The limestone extraction industry whilst long established within and around the township of Knottingley developed rapidly from the mid-eighteenth century stimulating land purchase. As a result, by the first decade of the nineteenth century much of the manorial land, particularly within the former open field to the south of the town, had been acquired by limestone merchants such as Edward Gaggs, William Moorhouse and Benjamin Atkinson, who by virtue of wealth obtained through their varied business interests, were the leading figures in the social and economic life of Knottingley.

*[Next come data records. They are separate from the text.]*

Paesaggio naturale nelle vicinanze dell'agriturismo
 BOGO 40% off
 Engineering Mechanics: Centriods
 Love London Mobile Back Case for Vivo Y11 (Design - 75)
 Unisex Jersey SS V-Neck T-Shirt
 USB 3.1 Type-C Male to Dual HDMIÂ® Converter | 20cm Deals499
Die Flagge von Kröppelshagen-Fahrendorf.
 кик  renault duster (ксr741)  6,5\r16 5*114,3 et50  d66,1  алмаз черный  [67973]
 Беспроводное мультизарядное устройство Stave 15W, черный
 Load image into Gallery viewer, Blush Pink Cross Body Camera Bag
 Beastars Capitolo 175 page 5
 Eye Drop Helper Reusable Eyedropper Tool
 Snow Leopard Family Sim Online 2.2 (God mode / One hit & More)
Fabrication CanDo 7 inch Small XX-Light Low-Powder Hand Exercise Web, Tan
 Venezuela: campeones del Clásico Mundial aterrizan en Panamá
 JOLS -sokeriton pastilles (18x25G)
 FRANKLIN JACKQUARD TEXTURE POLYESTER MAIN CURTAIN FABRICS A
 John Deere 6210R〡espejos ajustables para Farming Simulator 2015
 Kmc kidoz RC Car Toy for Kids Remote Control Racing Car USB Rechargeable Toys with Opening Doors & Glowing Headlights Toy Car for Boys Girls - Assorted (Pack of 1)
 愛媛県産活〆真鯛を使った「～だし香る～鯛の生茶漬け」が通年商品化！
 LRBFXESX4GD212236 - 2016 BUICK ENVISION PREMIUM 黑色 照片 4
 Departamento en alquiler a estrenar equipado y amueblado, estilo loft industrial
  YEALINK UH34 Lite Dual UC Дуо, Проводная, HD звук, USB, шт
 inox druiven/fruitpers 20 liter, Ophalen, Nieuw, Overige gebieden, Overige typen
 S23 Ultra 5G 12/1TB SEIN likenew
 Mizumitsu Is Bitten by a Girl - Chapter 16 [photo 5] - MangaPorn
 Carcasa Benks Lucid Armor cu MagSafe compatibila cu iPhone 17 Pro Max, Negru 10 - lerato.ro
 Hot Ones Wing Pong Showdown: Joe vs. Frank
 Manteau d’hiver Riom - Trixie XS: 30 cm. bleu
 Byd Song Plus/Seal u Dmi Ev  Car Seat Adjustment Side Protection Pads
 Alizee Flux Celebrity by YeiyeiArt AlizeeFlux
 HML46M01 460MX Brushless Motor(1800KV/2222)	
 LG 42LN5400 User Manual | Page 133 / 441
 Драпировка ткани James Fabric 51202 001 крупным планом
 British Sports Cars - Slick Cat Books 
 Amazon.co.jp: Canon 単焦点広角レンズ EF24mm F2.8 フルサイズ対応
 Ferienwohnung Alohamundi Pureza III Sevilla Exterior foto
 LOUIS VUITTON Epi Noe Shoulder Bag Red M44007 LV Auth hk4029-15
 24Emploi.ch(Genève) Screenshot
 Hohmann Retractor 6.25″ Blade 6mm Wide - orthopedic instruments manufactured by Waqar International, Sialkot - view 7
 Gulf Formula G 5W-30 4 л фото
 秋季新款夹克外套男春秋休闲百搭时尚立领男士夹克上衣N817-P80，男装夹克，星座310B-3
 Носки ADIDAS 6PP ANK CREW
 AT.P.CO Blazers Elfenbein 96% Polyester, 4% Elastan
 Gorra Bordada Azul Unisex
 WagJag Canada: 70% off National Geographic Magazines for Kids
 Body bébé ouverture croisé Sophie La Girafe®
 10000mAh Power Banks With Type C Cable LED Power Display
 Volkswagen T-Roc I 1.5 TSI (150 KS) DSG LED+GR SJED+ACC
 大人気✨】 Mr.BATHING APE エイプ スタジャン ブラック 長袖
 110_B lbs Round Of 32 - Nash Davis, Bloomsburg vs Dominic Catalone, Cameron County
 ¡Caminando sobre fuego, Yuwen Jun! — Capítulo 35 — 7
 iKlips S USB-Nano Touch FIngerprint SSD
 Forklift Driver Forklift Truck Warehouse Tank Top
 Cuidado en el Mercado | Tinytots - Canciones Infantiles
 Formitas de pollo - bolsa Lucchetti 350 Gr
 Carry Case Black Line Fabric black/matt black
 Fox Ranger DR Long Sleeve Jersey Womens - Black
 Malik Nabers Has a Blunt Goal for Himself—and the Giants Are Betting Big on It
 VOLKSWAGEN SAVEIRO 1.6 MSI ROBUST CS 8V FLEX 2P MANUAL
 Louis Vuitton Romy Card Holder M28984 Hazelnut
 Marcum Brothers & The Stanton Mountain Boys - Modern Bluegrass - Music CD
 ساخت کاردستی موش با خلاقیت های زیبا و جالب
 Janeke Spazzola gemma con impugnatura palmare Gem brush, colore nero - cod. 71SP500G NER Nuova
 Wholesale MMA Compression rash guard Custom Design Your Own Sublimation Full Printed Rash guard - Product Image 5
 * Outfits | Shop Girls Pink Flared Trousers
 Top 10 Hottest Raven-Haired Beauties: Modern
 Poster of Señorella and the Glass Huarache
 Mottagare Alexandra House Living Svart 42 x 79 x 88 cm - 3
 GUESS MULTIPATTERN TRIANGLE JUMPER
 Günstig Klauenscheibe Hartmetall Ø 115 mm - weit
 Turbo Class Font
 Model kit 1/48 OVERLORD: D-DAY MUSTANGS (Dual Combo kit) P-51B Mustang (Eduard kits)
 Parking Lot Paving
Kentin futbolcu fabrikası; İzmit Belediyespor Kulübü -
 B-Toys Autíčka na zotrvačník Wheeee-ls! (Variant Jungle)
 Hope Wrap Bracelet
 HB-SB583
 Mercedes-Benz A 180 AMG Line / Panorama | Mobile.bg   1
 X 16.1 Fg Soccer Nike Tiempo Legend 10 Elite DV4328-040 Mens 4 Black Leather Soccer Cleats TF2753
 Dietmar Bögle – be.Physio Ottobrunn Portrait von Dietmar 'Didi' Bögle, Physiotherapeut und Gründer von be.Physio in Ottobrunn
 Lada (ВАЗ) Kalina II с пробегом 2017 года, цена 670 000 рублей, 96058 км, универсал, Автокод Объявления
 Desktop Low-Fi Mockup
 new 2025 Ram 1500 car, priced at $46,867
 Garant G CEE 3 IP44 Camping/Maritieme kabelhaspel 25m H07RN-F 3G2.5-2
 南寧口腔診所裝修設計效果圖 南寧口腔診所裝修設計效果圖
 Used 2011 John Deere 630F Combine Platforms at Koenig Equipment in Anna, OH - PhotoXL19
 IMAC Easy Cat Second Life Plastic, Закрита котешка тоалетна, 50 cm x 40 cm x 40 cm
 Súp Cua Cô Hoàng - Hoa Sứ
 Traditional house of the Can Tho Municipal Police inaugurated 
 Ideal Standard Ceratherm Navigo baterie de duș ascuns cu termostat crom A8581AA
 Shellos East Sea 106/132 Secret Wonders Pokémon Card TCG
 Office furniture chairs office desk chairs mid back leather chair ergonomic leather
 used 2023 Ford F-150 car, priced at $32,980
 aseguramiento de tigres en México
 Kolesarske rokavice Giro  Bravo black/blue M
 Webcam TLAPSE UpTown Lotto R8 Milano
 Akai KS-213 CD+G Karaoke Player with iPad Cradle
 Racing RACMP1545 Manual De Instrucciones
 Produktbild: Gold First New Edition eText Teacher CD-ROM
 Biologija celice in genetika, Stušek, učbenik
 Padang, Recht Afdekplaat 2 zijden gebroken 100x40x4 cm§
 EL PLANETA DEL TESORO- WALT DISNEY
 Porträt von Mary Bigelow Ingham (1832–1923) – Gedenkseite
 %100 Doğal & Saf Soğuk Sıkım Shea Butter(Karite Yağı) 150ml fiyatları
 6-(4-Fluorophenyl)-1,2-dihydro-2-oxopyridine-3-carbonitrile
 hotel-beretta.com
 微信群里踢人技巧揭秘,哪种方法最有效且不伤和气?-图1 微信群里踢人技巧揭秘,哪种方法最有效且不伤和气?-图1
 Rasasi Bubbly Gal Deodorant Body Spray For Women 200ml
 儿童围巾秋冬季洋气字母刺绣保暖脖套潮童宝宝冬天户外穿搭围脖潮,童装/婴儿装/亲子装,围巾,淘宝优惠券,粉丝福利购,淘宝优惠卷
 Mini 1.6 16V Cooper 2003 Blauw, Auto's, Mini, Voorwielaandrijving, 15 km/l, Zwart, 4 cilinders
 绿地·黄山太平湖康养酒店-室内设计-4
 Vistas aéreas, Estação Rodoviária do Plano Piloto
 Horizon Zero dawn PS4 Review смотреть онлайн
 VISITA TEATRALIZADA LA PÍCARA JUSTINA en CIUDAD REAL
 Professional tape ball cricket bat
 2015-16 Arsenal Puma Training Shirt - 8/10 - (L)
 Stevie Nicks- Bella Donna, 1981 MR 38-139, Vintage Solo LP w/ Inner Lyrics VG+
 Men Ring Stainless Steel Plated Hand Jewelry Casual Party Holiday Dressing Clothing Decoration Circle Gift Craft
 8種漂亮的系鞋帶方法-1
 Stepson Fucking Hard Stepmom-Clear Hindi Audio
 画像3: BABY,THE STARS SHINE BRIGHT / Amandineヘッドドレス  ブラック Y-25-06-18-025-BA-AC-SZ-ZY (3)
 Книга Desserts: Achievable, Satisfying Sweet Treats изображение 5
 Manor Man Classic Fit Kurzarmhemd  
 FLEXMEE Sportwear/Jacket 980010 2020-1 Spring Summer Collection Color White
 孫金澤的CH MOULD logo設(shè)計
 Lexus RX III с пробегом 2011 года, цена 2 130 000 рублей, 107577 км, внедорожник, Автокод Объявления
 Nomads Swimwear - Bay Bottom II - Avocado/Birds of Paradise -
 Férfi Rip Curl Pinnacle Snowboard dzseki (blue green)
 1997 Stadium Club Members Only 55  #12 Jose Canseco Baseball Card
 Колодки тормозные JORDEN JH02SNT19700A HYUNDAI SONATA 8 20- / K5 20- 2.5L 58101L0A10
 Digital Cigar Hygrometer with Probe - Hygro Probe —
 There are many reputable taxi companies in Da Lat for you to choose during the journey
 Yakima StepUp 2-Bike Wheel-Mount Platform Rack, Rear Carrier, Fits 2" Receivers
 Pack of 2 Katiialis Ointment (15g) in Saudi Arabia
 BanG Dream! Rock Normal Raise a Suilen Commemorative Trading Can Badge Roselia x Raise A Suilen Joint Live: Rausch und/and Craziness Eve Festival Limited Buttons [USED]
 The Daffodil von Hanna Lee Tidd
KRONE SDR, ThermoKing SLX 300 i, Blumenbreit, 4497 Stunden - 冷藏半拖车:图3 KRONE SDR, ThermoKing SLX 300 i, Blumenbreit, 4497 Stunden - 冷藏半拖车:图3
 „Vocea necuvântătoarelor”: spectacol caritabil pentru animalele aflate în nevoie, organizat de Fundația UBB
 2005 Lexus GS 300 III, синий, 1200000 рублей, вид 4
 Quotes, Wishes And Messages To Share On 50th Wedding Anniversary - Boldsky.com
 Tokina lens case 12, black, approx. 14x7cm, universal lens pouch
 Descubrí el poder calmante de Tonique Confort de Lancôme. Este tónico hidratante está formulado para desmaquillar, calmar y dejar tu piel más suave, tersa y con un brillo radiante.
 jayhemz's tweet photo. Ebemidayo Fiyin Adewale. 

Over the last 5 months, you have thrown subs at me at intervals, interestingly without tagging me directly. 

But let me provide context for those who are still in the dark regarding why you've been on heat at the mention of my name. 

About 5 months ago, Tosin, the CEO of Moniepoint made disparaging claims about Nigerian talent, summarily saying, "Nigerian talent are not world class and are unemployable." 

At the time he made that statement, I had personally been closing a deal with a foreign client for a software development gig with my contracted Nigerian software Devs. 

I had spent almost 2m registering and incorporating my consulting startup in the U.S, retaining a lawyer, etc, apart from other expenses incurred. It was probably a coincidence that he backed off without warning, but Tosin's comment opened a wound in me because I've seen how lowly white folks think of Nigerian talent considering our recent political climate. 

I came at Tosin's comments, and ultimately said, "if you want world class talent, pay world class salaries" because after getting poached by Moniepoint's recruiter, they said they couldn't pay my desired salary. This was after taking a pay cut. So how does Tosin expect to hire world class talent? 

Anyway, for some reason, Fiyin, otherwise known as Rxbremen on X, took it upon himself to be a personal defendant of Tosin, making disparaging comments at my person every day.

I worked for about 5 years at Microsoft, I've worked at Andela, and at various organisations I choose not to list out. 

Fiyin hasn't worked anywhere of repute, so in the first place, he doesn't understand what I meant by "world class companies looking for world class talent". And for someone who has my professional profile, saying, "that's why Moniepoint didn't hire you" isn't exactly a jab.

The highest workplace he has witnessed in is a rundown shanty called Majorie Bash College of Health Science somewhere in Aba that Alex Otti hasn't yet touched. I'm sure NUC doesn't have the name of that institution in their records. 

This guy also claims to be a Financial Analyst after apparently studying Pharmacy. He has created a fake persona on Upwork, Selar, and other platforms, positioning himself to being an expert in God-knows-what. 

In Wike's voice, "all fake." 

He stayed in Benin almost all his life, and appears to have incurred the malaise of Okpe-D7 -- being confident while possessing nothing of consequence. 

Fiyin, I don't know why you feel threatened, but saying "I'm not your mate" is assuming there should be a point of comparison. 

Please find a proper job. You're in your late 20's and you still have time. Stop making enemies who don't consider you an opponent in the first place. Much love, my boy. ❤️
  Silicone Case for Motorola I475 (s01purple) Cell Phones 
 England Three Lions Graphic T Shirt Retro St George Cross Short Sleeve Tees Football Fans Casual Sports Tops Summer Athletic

The rise of Knottingley as a significant river port involved with the coastal and inland trade from the fourteenth century also encouraged the introduction of local shipbuilding and allied trades as a corollary to the maritime activity. Thus, by the beginning of the nineteenth century the place was a hive of activity with the potential for further industrial and commercial development stimulated by the rapid progress of the Industrial Revolution. Yet despite the developing trends the settlement at that time was little more than an extensive village, predominantly agricultural and pastoral in nature, retaining many aspects of its rural characteristics, its low lying verdant fields, limestone buildings, and gardens hanging above the craggy quarries with their gently smoking kilns and with numerous keels and sloops swaying peacefully at anchor on the river Aire. (8) The sense of timelessness and romanticism which produced the picturesque scene was, however, superficial for beneath the surface, poverty, squalor and disease marked the daily life of the majority of the inhabitants bringing hardship and suffering in profusion while the lack of a common standard of hygiene produced periodic epidemics from which even the more socially detached wealthy middle class citizens within the town were not immune. Consequently, by the advent of the nineteenth century an admix of national legislation and local self interest combined to produce somewhat grudging measures of poor relief and social and civic improvement designed to alleviate the worst conditions faced by the populace.

The course of the nineteenth century was therefore a period of transformation from ancient to modern township so that by the advent of the following century Knottingley was a prosperous industrial centre characterised by the pride of its inhabitants in the town to which they belonged.

It is the purpose of this study to examine specific aspects of the developing township during the nineteenth century to reveal the course of the transformation and its effect upon the people of that age.